02:26 Moi, je dirigeais une entreprise avec mon frère.
02:33 Quand on est pris dans une routine de travail,
02:36 c'est très difficile finalement de se dégager deux mois.
02:38 En 2008, il y a la crise économique qui passe par là.
02:41 On travaillait dans le secteur de la finance,
02:44 et notre business model s'est complètement écroulé.
02:47 On a survécu jusqu'en 2011,
02:48 et là, on a fermé l'entreprise.
02:50 C'est comme ça que j'ai pu avoir le temps
02:55 pour tenter un 8000.
02:56 Je réussis le Shisha Pangma et le Choyu.
02:59 Je réussis deux 8000 dans une saison,
03:01 ce qui n'était de nouveau pas du tout prémédité.
03:03 Quand je suis rentrée,
03:05 il fallait que je trouve un nouveau job.
03:06 Mais ça commençait à me titiller déjà dans la tête
03:10 de repartir en Himalaya.
03:12 Une fois que j'avais atteint le sommet de l'Everest,
03:14 je me suis dit que je n'avais pas du tout envie d'arrêter.
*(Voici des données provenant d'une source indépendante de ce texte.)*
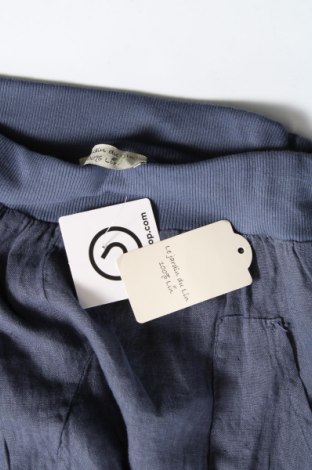Dámské kalhoty  Le Jardin du Lin, Velikost L, Barva Modrá, Cena  1 348,00 Kč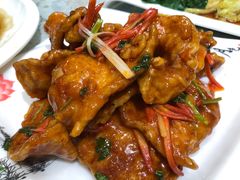 锅包肉-芳芳餐厅(白沙路店)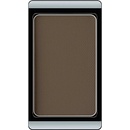 Artdeco Eyeshadow Matt očné tiene 524 matt Dark Grey Mocha 0,8 g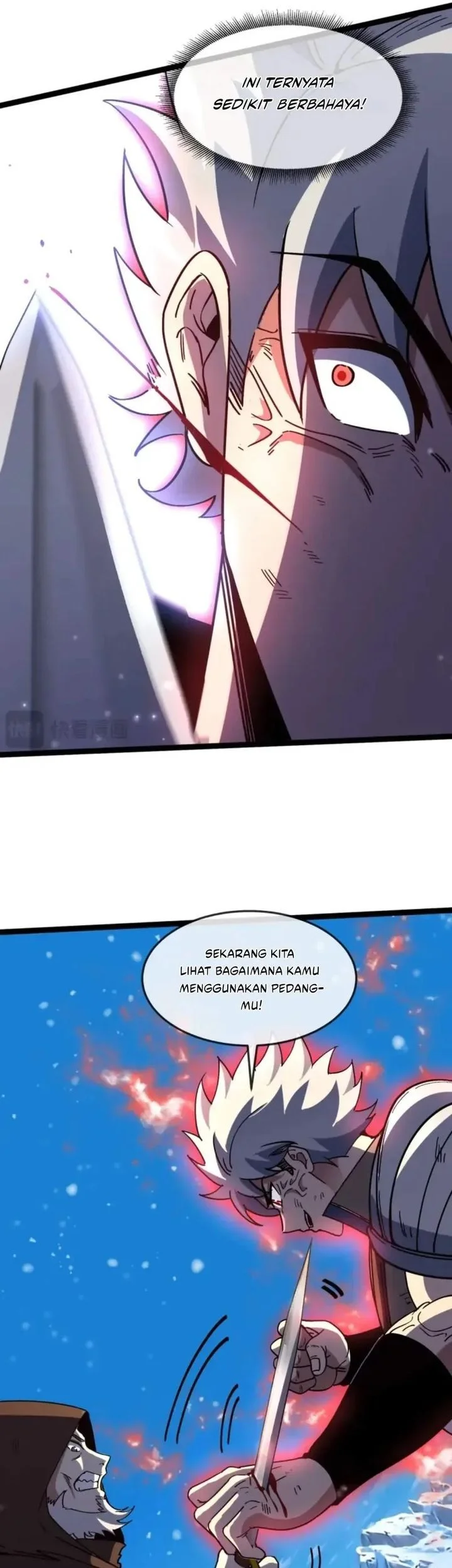 Titan Forge Chapter 2 Gambar 26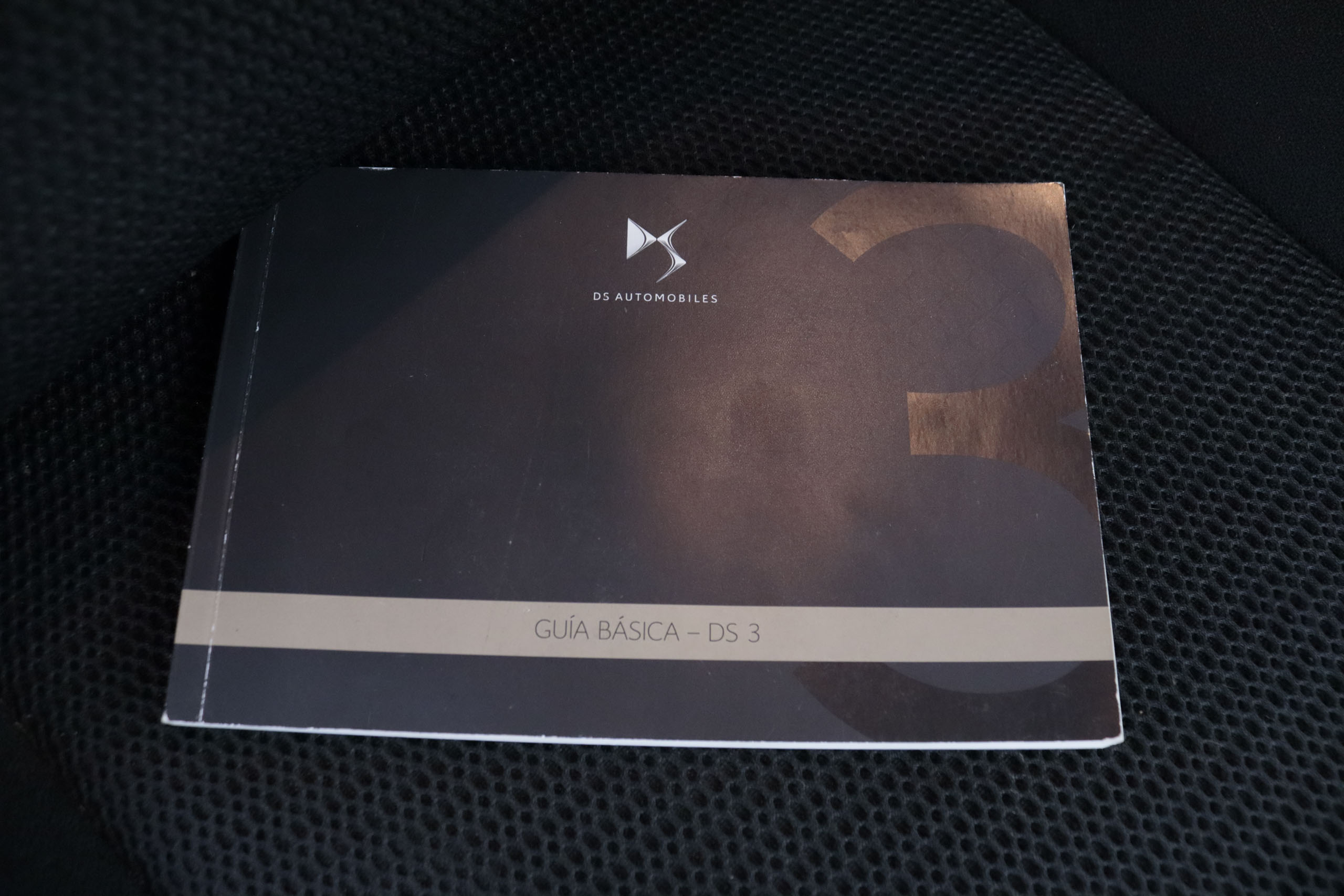 DS DS 3 1.6 HDI STYLE 100CV 3P #NAVY, PARKTRONIC foto 25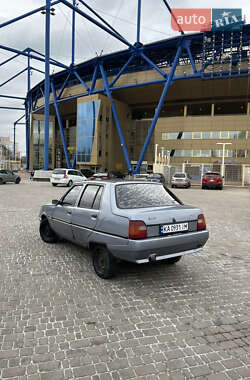 Лифтбек ЗАЗ 1103 Славута 2008 в 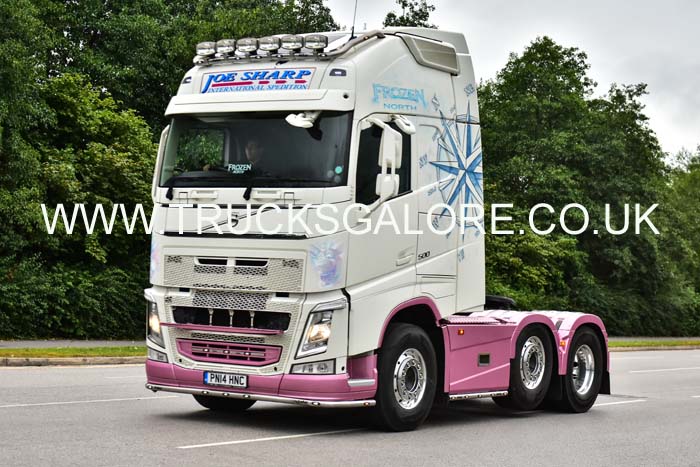 SHARP PN14 HNC 19mc0162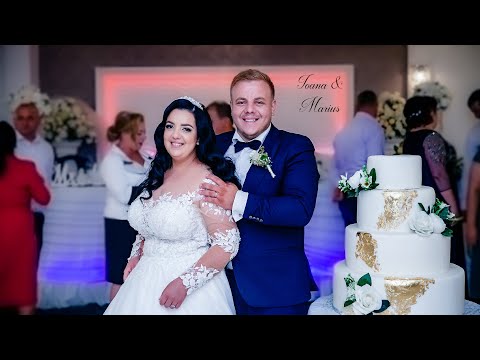 Ioana si Marius - Nunta noastra / Tortul mirilor / Restaurantul Equinox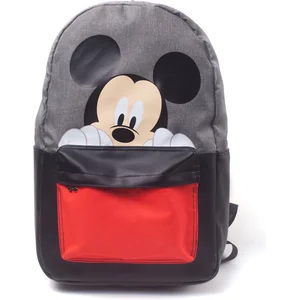 Sac à Dos Disney Mickey Mouse Placement Printed Noir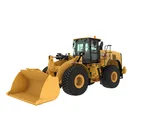 Caterpillar 966 GC Lastikli Yükleyici (Wheel Loader) - Görsel 1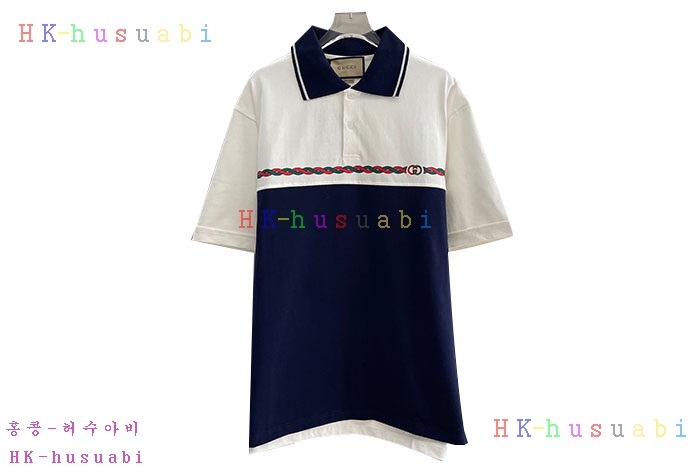 NEW 구찌 반팔티 신상 GU 2424114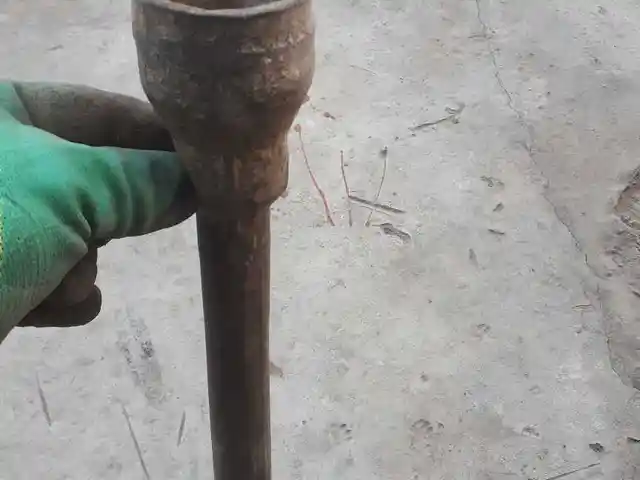 Балонный ключ размер 39, Канибадам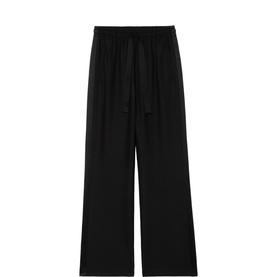 Poma Wide Leg Trousers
03:16 Et c'est là où je me suis mis ce rêve un peu dingue,
03:20 mais en tout cas, je ne le disais pas, ça c'est sûr,
03:22 de vouloir tenter les 14.
03:24 Ce n'est pas du tout le challenge en tant que tel.
03:27 Je ne suis pas du tout en quête de performance
03:30 ou quoi que ce soit.
03:31 C'est vraiment un défi que je me suis mis à moi-même.
03:34 Et donc, je pense que j'aurais coché la centième place.
03:37 Je m'y serais prise de la même façon.
03:39 Nanga, c'est une montagne difficile.
03:42 Alors, ils avèrent que c'est le dernier.
03:45 Je pense que c'est assez clair dans ma tête
03:47 que je vais arrêter d'aller à 8000 mètres.
03:49 Parce que c'est effectivement vraiment putain de dangereux,
03:53 comme je le dis dans le film.
03:54 Et je pense que j'ai vraiment perdu beaucoup, beaucoup d'amis.
03:57 Donc aujourd'hui, j'ai mes dix doigts,
03:59 j'ai mes dix orteils.
04:00 Donc, je pense qu'il faut conserver ça.
04:03 Par contre, je ne vais pas mettre les crampons à la cave
04:05 tout de suite, je pense, quand même.